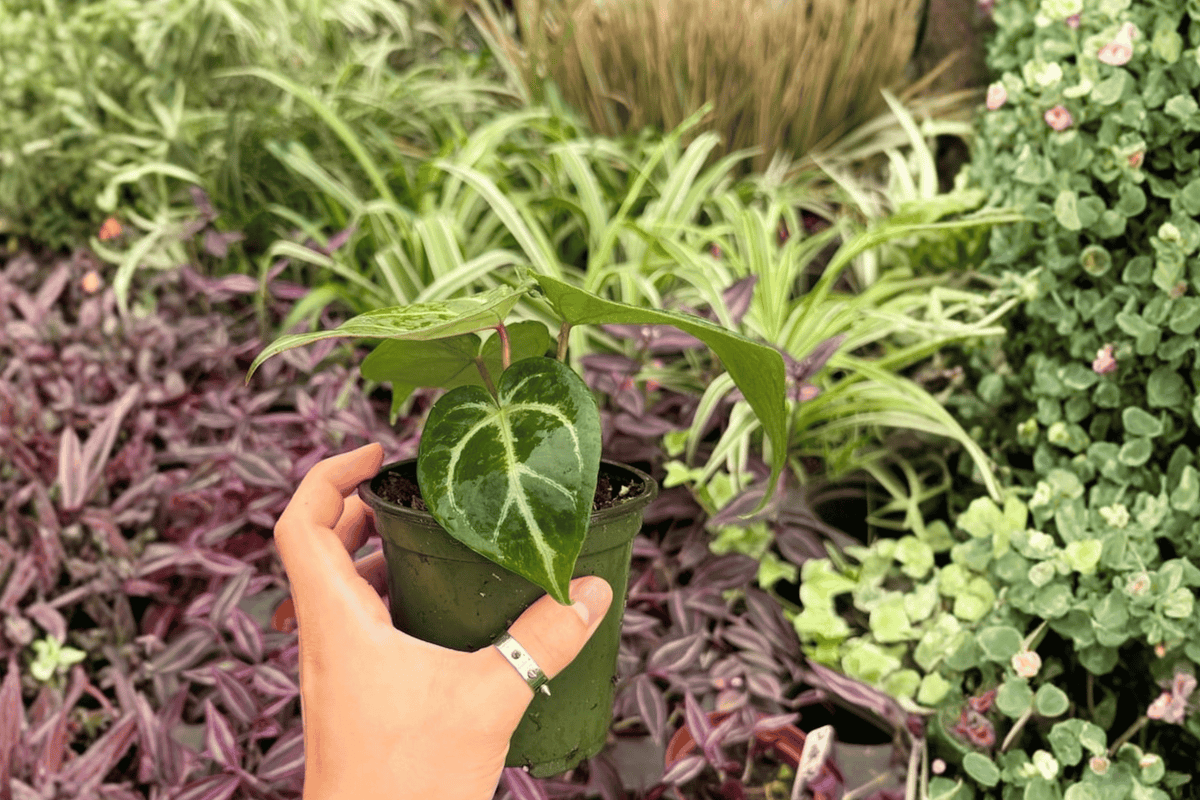 Anthurium Plants - 4-Inch Pots - Hoffmanii × Red HU Hybrid - Live Tropical Foliage - Anthurium Hybrid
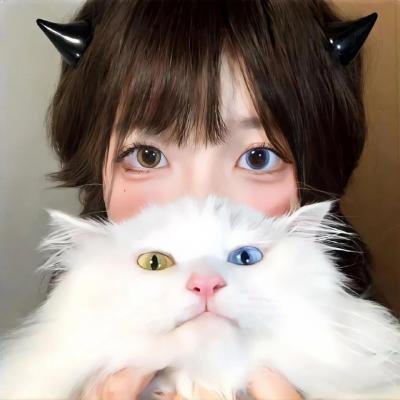 你好安妮
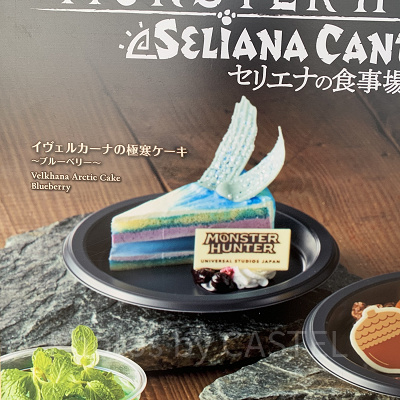 イヴェルカーナの極寒ケーキ ～ブルーベリー～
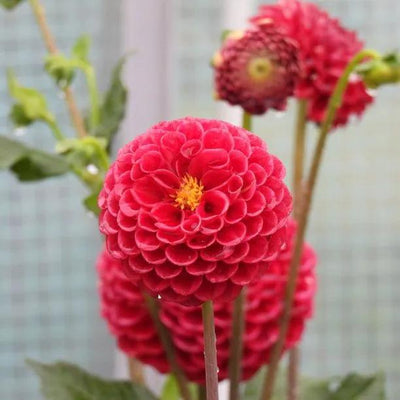 Cornel Dahlia Flowers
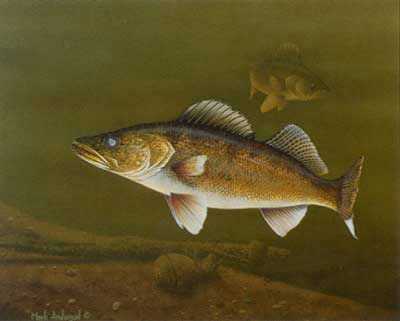 Oahe Lunkers by Mark S Anderson Pricing Limited Edition Print image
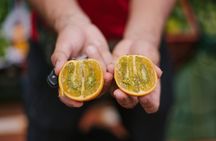 Exotic Fruits Tour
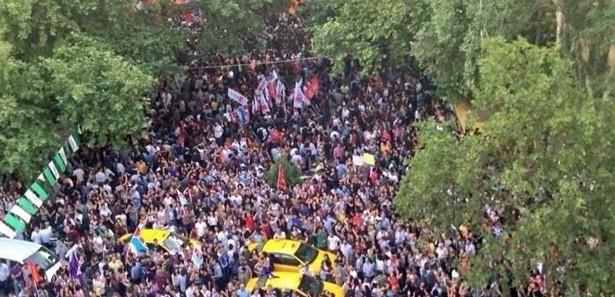Ağaç kesimini protesto ederken ağaçlara zarar verdiler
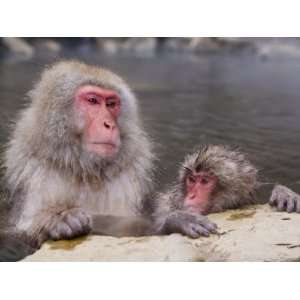  Japanese Macaque Baby Soaking in Hot Thermal Spring Pool 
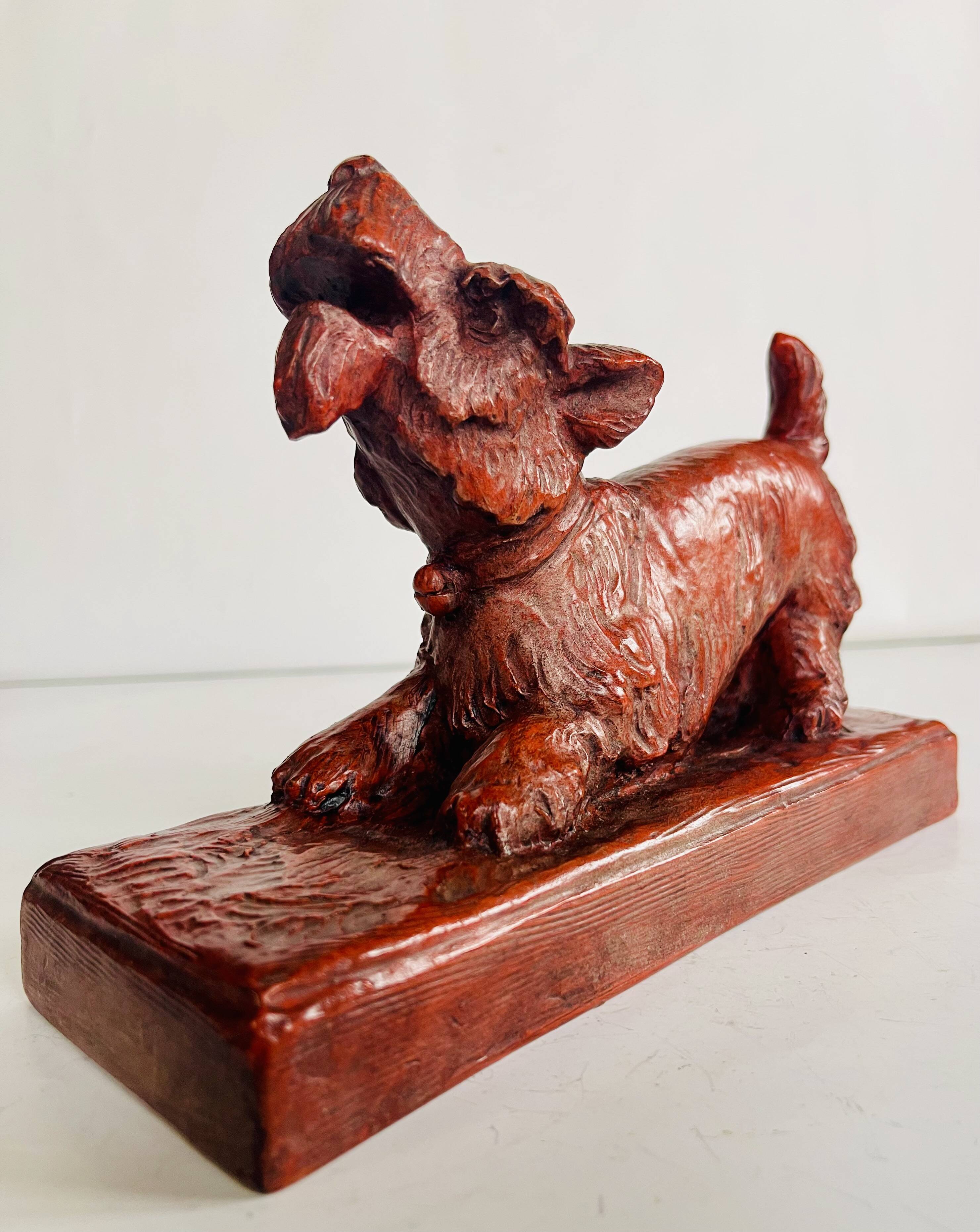 Cooked head dog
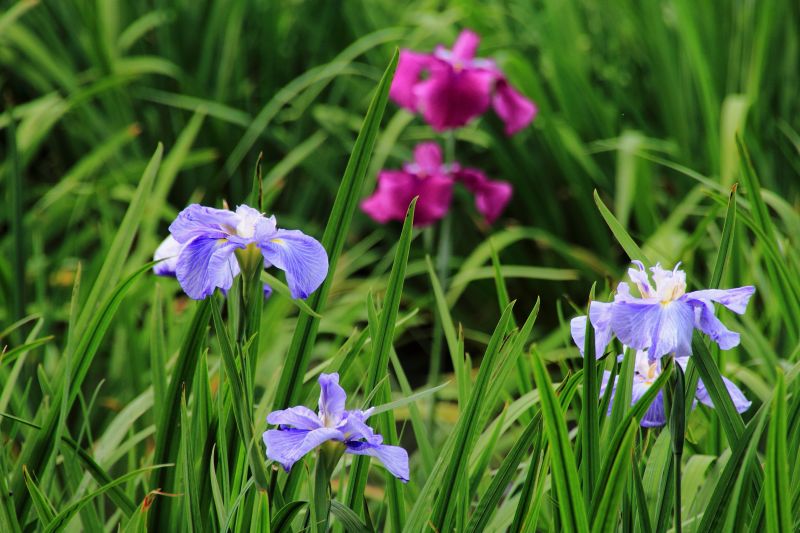 菖蒲園_008.jpg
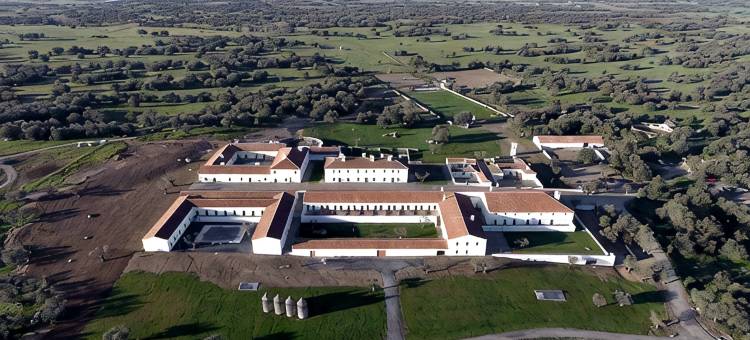圣洛伦索巴洛卡酒店(São Lourenço do Barrocal)图片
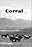 Corral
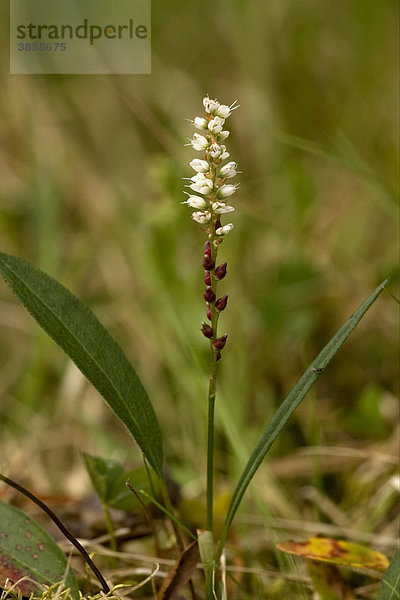Knöllchen-Knöterich (Polygonum vivipara)  Blume mit Brutknollen  selten in Großbritannien  Europa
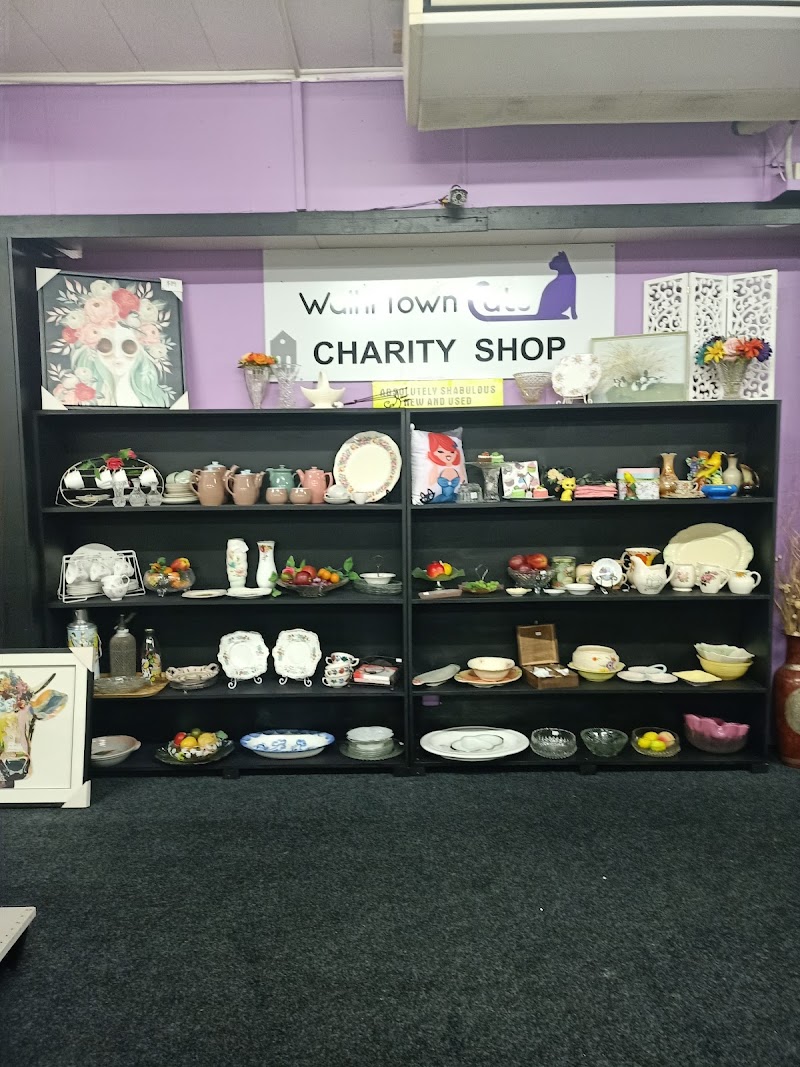 Check out Waihi Town Cats Charity Shop in Waihi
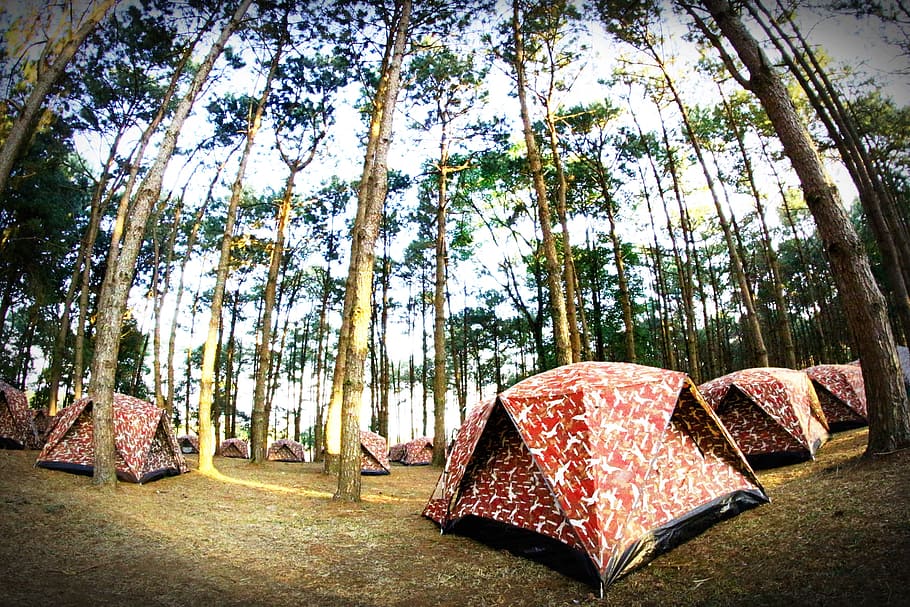 nature, forest, trees, leaves, camp, camping, environment, idyllic HD wallpaper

────────────────────────────────────────

_Activity_: Please transcribe all of the entries exactly and omit any picture they hold.

_Solution to this problem_:
 Anthurium Plants - 4-Inch Pots - Hoffmanii × Red HU Hybrid - Live Tropical Foliage - Anthurium Hybrid
 你好安妮
 イヴェルカーナの極寒ケーキ ～ブルーベリー～
 Cornel Dahlia Flowers
 Oahe Lunkers by Mark S Anderson Pricing Limited Edition Print image
 Exotic Fruits Tour
Ağaç kesimini protesto ederken ağaçlara zarar verdiler
  Japanese Macaque Baby Soaking in Hot Thermal Spring Pool 
 Cooked head dog
 菖蒲園_008.jpg
圣洛伦索巴洛卡酒店(São Lourenço do Barrocal)图片
 Corral
Knöllchen-Knöterich (Polygonum vivipara)  Blume mit Brutknollen  selten in Großbritannien  Europa
 Check out Waihi Town Cats Charity Shop in Waihi
 nature, forest, trees, leaves, camp, camping, environment, idyllic HD wallpaper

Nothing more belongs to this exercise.